RAID type (or RAID level)
RAID type is defined by the method in which data is distributed across physical drives combining the array. TaskForce currently supports the following RAID types:
In TaskForce, the RAID type can be automatically identified by the Autodetection module along with other parameters.
However, if you know the RAID type, you can select it manually from the RAID type list in the RAID configuration section.
The RAID type list in the RAID configuration section.
Number of devices
Applies to: all supported RAID types.
The minimum number of disks needed to build a RAID array is:
- two for JBOD, RAID 0, and RAID 1,
- three for RAID 5,
- four for RAID 10 and RAID 6.
The actual number of RAID members is determined by you when you select in the TaskForce RAID module physical disks (SATA/SAS/USB drives) or their images (raw, E01 or AFF4 image files) as Sources that make up a RAID array.
Selecting source RAID drives.
Missing RAID members. For the RAID types that use redundancy (parity blocks), TaskForce can reassemble an array and create its image even with a missing device:
- with one missing device for RAID 5 that uses distributed parity,
- with two missing devices for RAID 6 that uses double distributed parity.
See RAID 5 with a missing drive for more details.
Adding missing RAID 5 drive.
Device order
Applies to: all supported RAID types.
The drive order is the order in which physical devices (or their images) follow each other within a logical array (think pages within a book). That order is defined by a RAID controller during the setup of an array. To reassemble and image a RAID array, you need to determine which of its members go first, second, third and so on.
In TaskForce, the drive order can be automatically detected by the Autodetection module along with other parameters.
However, if you know the drive order, arrange the RAID members manually by dragging them up or down in the RAID configuration section of the TaskForce RAID module.
Start LBA (or Disk offset)
Applies to: all supported RAID types.
LBA stands for Logical Block Address. It is a scheme used for addressing a particular area on a storage device in a linear way using sequential integer numbers, starting from zero: 0, 1, 2, 3… Thanks to LBA a single drive or a RAID controller identifies the exact location of bytes it needs to read from or write to.
When we talk about RAIDs, Start LBA, also known as Device offset, refers to an address of a logical block on each physical RAID member where user data begins.
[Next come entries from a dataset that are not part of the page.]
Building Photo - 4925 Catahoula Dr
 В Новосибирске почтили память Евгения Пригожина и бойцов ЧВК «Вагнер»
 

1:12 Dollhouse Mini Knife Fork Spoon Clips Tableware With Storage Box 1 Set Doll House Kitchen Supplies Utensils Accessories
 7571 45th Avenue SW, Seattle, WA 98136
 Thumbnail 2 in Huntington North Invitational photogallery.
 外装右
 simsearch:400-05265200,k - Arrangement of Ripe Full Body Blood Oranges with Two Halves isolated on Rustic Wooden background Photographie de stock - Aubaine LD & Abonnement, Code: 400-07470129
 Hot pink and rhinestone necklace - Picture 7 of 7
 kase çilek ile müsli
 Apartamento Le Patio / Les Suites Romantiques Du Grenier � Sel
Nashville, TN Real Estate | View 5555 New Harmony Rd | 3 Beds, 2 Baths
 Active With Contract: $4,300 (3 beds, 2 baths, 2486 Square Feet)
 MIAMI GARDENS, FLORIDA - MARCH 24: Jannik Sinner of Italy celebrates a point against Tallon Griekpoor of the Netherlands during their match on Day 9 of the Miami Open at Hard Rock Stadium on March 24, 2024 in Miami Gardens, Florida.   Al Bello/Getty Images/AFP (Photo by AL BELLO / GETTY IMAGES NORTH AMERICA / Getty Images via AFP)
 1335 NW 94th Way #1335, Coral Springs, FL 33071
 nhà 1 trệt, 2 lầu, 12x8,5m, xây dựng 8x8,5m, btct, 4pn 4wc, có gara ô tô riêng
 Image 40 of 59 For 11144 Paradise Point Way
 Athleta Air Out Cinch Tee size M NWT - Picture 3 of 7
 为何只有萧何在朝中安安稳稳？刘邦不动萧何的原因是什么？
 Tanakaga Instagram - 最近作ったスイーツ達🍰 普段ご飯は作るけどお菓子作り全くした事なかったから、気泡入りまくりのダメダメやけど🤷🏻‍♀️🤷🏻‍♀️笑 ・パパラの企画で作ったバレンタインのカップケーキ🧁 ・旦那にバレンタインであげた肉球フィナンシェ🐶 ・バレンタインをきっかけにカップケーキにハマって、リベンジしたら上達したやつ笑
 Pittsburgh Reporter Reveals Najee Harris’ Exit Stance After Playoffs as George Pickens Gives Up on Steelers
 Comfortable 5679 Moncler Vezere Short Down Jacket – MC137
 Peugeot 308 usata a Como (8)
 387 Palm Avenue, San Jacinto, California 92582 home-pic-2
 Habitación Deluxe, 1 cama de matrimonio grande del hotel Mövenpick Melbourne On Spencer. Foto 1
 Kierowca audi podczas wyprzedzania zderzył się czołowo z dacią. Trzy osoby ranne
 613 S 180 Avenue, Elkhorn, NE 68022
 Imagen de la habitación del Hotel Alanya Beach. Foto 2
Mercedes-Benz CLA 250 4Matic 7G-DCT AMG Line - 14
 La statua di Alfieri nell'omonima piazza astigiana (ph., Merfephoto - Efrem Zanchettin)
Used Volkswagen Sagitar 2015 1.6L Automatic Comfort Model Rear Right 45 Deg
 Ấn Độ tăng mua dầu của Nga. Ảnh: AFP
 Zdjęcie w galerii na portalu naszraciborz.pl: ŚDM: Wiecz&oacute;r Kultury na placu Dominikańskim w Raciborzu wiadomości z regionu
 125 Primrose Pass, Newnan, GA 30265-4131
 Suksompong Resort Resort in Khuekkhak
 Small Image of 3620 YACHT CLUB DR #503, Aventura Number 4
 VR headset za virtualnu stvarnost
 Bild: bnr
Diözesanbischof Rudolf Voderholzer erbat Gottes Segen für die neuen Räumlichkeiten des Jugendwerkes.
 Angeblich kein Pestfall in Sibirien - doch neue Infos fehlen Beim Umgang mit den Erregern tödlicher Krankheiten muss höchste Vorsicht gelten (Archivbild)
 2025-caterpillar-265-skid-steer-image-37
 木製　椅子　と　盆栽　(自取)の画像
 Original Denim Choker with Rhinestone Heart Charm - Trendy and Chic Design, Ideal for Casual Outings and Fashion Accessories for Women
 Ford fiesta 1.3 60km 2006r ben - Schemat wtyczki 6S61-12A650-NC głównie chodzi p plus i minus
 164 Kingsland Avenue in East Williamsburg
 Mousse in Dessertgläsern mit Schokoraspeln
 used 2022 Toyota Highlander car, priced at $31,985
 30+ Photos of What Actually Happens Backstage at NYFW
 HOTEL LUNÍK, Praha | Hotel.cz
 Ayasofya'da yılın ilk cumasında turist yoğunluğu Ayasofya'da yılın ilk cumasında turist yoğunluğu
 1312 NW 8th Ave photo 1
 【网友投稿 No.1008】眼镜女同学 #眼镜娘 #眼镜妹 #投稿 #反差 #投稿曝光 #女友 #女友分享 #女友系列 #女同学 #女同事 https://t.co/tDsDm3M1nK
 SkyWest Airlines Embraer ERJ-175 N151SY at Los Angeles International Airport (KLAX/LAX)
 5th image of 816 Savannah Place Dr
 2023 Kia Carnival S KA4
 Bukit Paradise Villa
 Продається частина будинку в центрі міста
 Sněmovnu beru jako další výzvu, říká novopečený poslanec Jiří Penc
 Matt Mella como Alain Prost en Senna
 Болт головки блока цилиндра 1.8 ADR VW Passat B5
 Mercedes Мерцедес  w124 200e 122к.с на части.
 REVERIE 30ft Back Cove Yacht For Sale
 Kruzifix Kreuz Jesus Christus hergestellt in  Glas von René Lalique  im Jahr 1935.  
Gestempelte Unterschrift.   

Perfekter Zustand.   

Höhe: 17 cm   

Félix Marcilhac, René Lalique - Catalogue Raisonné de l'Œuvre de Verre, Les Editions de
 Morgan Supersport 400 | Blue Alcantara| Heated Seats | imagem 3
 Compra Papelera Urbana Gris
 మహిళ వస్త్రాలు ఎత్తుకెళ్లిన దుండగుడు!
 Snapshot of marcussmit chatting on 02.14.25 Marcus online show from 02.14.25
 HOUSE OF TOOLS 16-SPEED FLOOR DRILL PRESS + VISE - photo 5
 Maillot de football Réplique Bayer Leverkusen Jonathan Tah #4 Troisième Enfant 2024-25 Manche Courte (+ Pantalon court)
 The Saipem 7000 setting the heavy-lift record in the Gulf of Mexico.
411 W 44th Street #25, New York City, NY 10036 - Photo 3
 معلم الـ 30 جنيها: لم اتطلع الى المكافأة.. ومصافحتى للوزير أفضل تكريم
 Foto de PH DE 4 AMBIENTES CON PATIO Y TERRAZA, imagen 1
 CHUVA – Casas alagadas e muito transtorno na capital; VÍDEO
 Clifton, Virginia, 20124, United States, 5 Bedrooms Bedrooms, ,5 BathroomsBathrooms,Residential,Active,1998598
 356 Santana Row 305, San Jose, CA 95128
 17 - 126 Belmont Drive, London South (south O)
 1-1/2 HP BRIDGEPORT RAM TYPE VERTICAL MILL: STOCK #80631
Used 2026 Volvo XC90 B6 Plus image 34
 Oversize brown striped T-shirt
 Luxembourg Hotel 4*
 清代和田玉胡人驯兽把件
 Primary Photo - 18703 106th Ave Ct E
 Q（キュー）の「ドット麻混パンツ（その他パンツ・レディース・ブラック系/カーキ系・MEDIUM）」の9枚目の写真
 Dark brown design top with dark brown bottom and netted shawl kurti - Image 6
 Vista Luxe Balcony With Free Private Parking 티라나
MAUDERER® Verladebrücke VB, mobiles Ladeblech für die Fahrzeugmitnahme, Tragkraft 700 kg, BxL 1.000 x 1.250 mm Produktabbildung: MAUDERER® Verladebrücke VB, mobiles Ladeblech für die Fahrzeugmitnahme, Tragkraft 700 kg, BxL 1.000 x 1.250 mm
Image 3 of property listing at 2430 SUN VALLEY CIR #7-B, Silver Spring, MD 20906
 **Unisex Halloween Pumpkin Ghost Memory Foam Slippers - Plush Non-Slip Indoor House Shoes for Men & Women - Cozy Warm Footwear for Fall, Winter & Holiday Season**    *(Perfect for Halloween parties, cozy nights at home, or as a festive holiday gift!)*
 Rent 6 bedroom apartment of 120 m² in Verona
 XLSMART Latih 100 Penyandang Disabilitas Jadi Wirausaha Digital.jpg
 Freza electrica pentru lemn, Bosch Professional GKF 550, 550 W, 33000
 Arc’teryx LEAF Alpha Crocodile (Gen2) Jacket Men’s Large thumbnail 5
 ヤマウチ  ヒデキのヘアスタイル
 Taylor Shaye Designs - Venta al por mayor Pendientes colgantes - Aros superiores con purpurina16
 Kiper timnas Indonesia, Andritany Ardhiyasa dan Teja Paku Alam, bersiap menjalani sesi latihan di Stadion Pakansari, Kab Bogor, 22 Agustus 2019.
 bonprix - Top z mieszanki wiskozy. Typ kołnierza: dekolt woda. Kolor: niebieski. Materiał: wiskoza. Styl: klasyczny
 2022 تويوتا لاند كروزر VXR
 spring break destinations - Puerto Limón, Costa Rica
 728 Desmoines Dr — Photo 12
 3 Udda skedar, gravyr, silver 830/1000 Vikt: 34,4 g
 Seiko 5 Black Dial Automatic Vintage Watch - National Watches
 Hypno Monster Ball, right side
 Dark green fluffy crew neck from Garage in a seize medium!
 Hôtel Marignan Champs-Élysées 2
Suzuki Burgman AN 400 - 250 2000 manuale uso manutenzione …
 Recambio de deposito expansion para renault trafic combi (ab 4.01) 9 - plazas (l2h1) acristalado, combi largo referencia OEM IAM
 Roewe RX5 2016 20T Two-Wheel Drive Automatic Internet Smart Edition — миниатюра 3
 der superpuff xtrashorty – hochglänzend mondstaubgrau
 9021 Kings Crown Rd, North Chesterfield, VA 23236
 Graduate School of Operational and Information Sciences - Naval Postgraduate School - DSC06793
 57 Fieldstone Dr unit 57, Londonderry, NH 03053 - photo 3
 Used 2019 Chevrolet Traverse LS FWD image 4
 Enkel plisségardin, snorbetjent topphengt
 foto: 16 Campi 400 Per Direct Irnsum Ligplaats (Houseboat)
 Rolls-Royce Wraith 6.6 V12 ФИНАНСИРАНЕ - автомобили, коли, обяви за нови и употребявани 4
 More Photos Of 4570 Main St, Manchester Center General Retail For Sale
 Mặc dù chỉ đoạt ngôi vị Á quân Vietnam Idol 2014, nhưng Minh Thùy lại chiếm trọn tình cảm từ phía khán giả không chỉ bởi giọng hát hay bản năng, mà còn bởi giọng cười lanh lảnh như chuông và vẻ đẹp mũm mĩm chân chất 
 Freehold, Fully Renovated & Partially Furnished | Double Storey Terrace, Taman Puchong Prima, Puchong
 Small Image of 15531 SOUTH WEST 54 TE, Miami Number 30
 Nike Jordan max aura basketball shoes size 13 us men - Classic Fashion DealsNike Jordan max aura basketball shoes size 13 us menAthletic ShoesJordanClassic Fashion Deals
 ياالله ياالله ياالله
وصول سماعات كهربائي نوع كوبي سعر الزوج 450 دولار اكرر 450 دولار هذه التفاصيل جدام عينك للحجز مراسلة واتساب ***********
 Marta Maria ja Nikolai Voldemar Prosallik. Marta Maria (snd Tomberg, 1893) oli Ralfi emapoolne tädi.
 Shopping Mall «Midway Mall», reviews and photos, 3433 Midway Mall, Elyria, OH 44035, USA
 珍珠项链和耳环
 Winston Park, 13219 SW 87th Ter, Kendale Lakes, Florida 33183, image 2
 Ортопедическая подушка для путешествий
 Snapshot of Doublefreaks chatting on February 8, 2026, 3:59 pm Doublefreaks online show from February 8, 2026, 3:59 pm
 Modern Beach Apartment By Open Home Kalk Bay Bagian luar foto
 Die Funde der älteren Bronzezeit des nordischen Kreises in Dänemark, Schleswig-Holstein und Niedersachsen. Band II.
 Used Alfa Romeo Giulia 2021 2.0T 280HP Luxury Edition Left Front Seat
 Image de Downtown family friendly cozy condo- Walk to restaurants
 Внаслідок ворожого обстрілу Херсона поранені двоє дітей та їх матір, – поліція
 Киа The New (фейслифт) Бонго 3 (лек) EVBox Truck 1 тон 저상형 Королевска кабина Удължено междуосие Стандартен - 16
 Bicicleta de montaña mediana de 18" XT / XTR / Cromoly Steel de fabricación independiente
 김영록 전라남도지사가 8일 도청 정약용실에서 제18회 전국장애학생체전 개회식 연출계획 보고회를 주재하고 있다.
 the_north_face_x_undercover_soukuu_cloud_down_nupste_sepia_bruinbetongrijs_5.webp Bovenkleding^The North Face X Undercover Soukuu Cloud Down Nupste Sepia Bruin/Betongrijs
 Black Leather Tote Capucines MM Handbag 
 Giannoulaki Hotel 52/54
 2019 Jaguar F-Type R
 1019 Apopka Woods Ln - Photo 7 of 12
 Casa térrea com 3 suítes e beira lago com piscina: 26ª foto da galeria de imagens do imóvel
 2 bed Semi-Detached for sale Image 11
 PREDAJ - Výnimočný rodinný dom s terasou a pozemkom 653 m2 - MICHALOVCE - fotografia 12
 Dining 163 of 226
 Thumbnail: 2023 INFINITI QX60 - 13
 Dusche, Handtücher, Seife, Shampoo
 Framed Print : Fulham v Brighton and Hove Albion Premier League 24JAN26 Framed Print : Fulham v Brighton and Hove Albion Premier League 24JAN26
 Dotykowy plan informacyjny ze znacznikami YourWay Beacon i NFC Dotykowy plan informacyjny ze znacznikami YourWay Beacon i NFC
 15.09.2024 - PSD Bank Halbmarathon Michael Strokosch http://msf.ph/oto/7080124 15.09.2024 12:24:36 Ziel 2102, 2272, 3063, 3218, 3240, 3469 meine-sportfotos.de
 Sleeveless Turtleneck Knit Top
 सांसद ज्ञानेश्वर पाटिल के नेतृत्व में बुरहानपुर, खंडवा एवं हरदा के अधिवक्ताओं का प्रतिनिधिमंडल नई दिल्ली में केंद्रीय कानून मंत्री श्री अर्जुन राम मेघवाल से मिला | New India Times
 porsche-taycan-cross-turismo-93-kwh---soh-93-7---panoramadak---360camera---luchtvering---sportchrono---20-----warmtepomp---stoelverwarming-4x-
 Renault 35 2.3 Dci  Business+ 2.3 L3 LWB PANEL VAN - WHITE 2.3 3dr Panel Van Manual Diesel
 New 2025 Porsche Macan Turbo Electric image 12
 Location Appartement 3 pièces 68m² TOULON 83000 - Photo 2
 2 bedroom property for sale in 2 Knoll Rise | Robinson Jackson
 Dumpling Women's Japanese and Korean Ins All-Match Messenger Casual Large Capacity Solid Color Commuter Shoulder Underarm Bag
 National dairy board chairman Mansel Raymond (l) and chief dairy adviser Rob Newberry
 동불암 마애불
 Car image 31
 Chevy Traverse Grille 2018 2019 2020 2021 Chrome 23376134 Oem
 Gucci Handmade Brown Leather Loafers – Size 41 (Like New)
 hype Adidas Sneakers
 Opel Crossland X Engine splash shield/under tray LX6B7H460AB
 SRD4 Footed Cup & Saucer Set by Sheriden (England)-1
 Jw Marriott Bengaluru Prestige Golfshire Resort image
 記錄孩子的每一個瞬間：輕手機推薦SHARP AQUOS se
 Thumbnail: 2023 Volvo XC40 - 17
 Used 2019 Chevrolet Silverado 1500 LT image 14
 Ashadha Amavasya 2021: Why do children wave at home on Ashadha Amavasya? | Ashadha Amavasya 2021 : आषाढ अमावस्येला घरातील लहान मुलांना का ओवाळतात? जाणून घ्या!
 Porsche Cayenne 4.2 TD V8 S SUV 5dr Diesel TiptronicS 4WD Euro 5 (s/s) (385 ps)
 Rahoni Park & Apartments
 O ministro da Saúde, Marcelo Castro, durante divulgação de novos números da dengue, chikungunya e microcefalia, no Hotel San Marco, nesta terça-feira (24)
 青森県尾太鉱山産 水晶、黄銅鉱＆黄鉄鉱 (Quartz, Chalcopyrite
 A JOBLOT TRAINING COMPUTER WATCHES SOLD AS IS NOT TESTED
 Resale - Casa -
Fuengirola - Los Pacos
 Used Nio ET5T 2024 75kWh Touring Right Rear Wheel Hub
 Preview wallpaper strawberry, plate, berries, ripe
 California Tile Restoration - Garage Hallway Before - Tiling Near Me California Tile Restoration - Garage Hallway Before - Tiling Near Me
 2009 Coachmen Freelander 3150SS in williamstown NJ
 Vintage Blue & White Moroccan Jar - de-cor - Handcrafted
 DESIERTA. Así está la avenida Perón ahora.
Start LBA of each member of the same RAID is identical.
If RAID’s Start LBA is 0, RAID blocks (chunks) start from the first logical block on each drive in an array, without any offset (it is the most common case).
If RAID’s Start LBA is greater than 0, a space created by this offset is skipped. RAID blocks start from the specified Start LBA on each drive in an array. Typically, the skipped space can be used to store RAID metadata (data about data).
In some cases, TaskForce can identify RAID’s Start LBA during autodetection using a heuristic algorithm.
If you know Start LBA, you can enter it in the Start LBA field of the RAID configuration section.
When we talk about logical partitions, Start LBA refers to the logical block address where a particular partition starts in an already assembled RAID array. In this case, Start LBA of each partition is different.
Block size
Applies to: RAID 0, RAID 10, RAID 5, RAID 6 (types that use striping method).
Some RAID types use striping method for distributing data across physical drives: data is split into consecutive logical blocks (also called “stripes” or “chunks”), which are stored on different physical storage devices.
The Block size parameter in TaskForce RAID module refers to the size of these logical blocks (or “stripes”) measured in bytes. TaskForce supports RAID block sizes from 512 bytes to 1 megabyte and can detect that parameter automatically using a heuristic algorithm. The most frequently used block size is 64 kilobytes.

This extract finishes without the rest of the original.